## TASK TO CARRY OUT
Copy out the data below. Leave nothing out and alter nothing.

(Collection entries)
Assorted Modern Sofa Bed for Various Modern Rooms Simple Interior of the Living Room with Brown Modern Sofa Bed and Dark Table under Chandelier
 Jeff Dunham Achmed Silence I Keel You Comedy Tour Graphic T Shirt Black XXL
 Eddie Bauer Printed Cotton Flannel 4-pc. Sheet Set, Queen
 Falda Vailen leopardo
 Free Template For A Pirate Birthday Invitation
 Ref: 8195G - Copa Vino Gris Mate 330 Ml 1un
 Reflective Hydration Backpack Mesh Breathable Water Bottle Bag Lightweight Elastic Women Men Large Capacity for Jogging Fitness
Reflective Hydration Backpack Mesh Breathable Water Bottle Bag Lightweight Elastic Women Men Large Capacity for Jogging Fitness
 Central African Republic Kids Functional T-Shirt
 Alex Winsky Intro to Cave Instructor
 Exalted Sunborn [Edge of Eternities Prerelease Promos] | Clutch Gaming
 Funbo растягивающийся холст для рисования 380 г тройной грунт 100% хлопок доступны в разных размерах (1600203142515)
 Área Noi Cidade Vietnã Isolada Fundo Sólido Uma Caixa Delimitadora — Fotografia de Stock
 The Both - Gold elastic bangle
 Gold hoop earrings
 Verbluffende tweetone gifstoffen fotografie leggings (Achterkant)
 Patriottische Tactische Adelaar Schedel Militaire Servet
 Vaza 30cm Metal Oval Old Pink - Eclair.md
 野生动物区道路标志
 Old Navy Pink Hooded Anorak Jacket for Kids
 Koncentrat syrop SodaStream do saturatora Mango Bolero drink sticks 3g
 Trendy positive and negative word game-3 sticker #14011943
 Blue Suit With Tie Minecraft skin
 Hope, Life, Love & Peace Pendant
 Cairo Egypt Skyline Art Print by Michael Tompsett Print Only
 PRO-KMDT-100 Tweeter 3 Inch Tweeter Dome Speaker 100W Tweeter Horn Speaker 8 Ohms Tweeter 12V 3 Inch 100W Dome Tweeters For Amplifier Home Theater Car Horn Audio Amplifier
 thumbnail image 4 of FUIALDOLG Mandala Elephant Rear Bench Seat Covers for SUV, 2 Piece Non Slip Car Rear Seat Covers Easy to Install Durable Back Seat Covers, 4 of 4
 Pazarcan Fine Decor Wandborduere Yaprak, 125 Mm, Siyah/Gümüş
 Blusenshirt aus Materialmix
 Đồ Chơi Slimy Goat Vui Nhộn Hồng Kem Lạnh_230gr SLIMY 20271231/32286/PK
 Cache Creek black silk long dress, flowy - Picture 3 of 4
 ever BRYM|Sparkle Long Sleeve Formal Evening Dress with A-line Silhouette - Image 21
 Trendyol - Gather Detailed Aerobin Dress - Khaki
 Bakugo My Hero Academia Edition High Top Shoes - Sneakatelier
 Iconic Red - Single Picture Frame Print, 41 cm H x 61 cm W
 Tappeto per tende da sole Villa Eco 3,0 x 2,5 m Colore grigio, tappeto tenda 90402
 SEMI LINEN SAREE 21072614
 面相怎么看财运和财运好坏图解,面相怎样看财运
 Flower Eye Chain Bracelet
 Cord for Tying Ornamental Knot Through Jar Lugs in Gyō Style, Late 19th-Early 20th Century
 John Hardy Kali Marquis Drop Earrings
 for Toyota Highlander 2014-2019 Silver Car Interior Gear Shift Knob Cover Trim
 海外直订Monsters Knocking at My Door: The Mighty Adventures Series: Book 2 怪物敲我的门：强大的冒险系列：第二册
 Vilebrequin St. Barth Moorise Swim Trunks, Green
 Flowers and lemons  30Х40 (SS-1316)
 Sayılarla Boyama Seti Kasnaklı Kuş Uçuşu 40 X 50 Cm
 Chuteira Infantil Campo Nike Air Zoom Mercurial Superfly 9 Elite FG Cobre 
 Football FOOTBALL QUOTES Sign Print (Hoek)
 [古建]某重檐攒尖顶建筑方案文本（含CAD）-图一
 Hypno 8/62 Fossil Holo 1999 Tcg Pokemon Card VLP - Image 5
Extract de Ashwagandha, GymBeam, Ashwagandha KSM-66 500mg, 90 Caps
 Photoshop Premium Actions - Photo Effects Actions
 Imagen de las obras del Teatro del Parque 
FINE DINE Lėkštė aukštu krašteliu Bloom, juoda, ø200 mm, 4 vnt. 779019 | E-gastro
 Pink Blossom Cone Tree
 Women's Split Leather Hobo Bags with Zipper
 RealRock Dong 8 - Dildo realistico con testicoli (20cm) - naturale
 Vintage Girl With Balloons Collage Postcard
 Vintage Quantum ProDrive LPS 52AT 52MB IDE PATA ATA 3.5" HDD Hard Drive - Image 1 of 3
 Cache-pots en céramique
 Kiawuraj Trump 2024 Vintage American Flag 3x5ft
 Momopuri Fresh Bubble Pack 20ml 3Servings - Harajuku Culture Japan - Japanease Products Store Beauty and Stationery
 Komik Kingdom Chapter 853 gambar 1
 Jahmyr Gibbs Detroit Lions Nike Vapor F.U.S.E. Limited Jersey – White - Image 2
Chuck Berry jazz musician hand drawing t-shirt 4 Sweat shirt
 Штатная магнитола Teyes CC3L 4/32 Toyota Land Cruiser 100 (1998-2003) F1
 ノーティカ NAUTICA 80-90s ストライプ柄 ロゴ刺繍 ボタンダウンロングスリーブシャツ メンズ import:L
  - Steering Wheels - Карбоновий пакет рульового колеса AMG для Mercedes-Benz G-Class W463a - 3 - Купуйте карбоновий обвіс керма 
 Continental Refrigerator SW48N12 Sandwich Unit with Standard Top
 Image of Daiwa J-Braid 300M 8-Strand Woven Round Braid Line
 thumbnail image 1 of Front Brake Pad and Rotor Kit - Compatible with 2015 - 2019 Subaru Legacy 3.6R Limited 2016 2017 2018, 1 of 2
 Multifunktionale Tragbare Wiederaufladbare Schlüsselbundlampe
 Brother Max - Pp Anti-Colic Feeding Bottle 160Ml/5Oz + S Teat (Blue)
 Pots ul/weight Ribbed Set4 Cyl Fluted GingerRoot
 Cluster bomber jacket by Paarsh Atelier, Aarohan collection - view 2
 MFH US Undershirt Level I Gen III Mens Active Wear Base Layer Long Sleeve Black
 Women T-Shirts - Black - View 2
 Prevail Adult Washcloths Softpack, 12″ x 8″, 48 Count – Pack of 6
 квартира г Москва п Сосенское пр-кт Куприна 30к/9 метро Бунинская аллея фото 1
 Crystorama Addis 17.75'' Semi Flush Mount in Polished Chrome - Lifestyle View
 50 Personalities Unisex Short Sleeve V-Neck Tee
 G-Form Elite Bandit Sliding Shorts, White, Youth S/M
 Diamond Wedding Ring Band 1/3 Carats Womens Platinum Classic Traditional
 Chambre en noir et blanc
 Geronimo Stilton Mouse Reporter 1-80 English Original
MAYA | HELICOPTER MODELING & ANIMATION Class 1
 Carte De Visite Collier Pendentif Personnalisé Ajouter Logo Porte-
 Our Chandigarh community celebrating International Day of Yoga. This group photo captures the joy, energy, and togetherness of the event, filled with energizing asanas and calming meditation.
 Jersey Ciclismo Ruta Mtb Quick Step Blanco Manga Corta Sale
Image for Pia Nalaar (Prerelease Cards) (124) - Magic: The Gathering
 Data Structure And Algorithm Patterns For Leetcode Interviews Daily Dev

## EXERCISE RESULT
Assorted Modern Sofa Bed for Various Modern Rooms Simple Interior of the Living Room with Brown Modern Sofa Bed and Dark Table under Chandelier
 Jeff Dunham Achmed Silence I Keel You Comedy Tour Graphic T Shirt Black XXL
 Eddie Bauer Printed Cotton Flannel 4-pc. Sheet Set, Queen
 Falda Vailen leopardo
 Free Template For A Pirate Birthday Invitation
 Ref: 8195G - Copa Vino Gris Mate 330 Ml 1un
 Reflective Hydration Backpack Mesh Breathable Water Bottle Bag Lightweight Elastic Women Men Large Capacity for Jogging Fitness
Reflective Hydration Backpack Mesh Breathable Water Bottle Bag Lightweight Elastic Women Men Large Capacity for Jogging Fitness
 Central African Republic Kids Functional T-Shirt
 Alex Winsky Intro to Cave Instructor
 Exalted Sunborn [Edge of Eternities Prerelease Promos] | Clutch Gaming
 Funbo растягивающийся холст для рисования 380 г тройной грунт 100% хлопок доступны в разных размерах (1600203142515)
 Área Noi Cidade Vietnã Isolada Fundo Sólido Uma Caixa Delimitadora — Fotografia de Stock
 The Both - Gold elastic bangle
 Gold hoop earrings
 Verbluffende tweetone gifstoffen fotografie leggings (Achterkant)
 Patriottische Tactische Adelaar Schedel Militaire Servet
 Vaza 30cm Metal Oval Old Pink - Eclair.md
 野生动物区道路标志
 Old Navy Pink Hooded Anorak Jacket for Kids
 Koncentrat syrop SodaStream do saturatora Mango Bolero drink sticks 3g
 Trendy positive and negative word game-3 sticker #14011943
 Blue Suit With Tie Minecraft skin
 Hope, Life, Love & Peace Pendant
 Cairo Egypt Skyline Art Print by Michael Tompsett Print Only
 PRO-KMDT-100 Tweeter 3 Inch Tweeter Dome Speaker 100W Tweeter Horn Speaker 8 Ohms Tweeter 12V 3 Inch 100W Dome Tweeters For Amplifier Home Theater Car Horn Audio Amplifier
 thumbnail image 4 of FUIALDOLG Mandala Elephant Rear Bench Seat Covers for SUV, 2 Piece Non Slip Car Rear Seat Covers Easy to Install Durable Back Seat Covers, 4 of 4
 Pazarcan Fine Decor Wandborduere Yaprak, 125 Mm, Siyah/Gümüş
 Blusenshirt aus Materialmix
 Đồ Chơi Slimy Goat Vui Nhộn Hồng Kem Lạnh_230gr SLIMY 20271231/32286/PK
 Cache Creek black silk long dress, flowy - Picture 3 of 4
 ever BRYM|Sparkle Long Sleeve Formal Evening Dress with A-line Silhouette - Image 21
 Trendyol - Gather Detailed Aerobin Dress - Khaki
 Bakugo My Hero Academia Edition High Top Shoes - Sneakatelier
 Iconic Red - Single Picture Frame Print, 41 cm H x 61 cm W
 Tappeto per tende da sole Villa Eco 3,0 x 2,5 m Colore grigio, tappeto tenda 90402
 SEMI LINEN SAREE 21072614
 面相怎么看财运和财运好坏图解,面相怎样看财运
 Flower Eye Chain Bracelet
 Cord for Tying Ornamental Knot Through Jar Lugs in Gyō Style, Late 19th-Early 20th Century
 John Hardy Kali Marquis Drop Earrings
 for Toyota Highlander 2014-2019 Silver Car Interior Gear Shift Knob Cover Trim
 海外直订Monsters Knocking at My Door: The Mighty Adventures Series: Book 2 怪物敲我的门：强大的冒险系列：第二册
 Vilebrequin St. Barth Moorise Swim Trunks, Green
 Flowers and lemons  30Х40 (SS-1316)
 Sayılarla Boyama Seti Kasnaklı Kuş Uçuşu 40 X 50 Cm
 Chuteira Infantil Campo Nike Air Zoom Mercurial Superfly 9 Elite FG Cobre 
 Football FOOTBALL QUOTES Sign Print (Hoek)
 [古建]某重檐攒尖顶建筑方案文本（含CAD）-图一
 Hypno 8/62 Fossil Holo 1999 Tcg Pokemon Card VLP - Image 5
Extract de Ashwagandha, GymBeam, Ashwagandha KSM-66 500mg, 90 Caps
 Photoshop Premium Actions - Photo Effects Actions
 Imagen de las obras del Teatro del Parque 
FINE DINE Lėkštė aukštu krašteliu Bloom, juoda, ø200 mm, 4 vnt. 779019 | E-gastro
 Pink Blossom Cone Tree
 Women's Split Leather Hobo Bags with Zipper
 RealRock Dong 8 - Dildo realistico con testicoli (20cm) - naturale
 Vintage Girl With Balloons Collage Postcard
 Vintage Quantum ProDrive LPS 52AT 52MB IDE PATA ATA 3.5" HDD Hard Drive - Image 1 of 3
 Cache-pots en céramique
 Kiawuraj Trump 2024 Vintage American Flag 3x5ft
 Momopuri Fresh Bubble Pack 20ml 3Servings - Harajuku Culture Japan - Japanease Products Store Beauty and Stationery
 Komik Kingdom Chapter 853 gambar 1
 Jahmyr Gibbs Detroit Lions Nike Vapor F.U.S.E. Limited Jersey – White - Image 2
Chuck Berry jazz musician hand drawing t-shirt 4 Sweat shirt
 Штатная магнитола Teyes CC3L 4/32 Toyota Land Cruiser 100 (1998-2003) F1
 ノーティカ NAUTICA 80-90s ストライプ柄 ロゴ刺繍 ボタンダウンロングスリーブシャツ メンズ import:L
  - Steering Wheels - Карбоновий пакет рульового колеса AMG для Mercedes-Benz G-Class W463a - 3 - Купуйте карбоновий обвіс керма 
 Continental Refrigerator SW48N12 Sandwich Unit with Standard Top
 Image of Daiwa J-Braid 300M 8-Strand Woven Round Braid Line
 thumbnail image 1 of Front Brake Pad and Rotor Kit - Compatible with 2015 - 2019 Subaru Legacy 3.6R Limited 2016 2017 2018, 1 of 2
 Multifunktionale Tragbare Wiederaufladbare Schlüsselbundlampe
 Brother Max - Pp Anti-Colic Feeding Bottle 160Ml/5Oz + S Teat (Blue)
 Pots ul/weight Ribbed Set4 Cyl Fluted GingerRoot
 Cluster bomber jacket by Paarsh Atelier, Aarohan collection - view 2
 MFH US Undershirt Level I Gen III Mens Active Wear Base Layer Long Sleeve Black
 Women T-Shirts - Black - View 2
 Prevail Adult Washcloths Softpack, 12″ x 8″, 48 Count – Pack of 6
 квартира г Москва п Сосенское пр-кт Куприна 30к/9 метро Бунинская аллея фото 1
 Crystorama Addis 17.75'' Semi Flush Mount in Polished Chrome - Lifestyle View
 50 Personalities Unisex Short Sleeve V-Neck Tee
 G-Form Elite Bandit Sliding Shorts, White, Youth S/M
 Diamond Wedding Ring Band 1/3 Carats Womens Platinum Classic Traditional
 Chambre en noir et blanc
 Geronimo Stilton Mouse Reporter 1-80 English Original
MAYA | HELICOPTER MODELING & ANIMATION Class 1
 Carte De Visite Collier Pendentif Personnalisé Ajouter Logo Porte-
 Our Chandigarh community celebrating International Day of Yoga. This group photo captures the joy, energy, and togetherness of the event, filled with energizing asanas and calming meditation.
 Jersey Ciclismo Ruta Mtb Quick Step Blanco Manga Corta Sale
Image for Pia Nalaar (Prerelease Cards) (124) - Magic: The Gathering
 Data Structure And Algorithm Patterns For Leetcode Interviews Daily Dev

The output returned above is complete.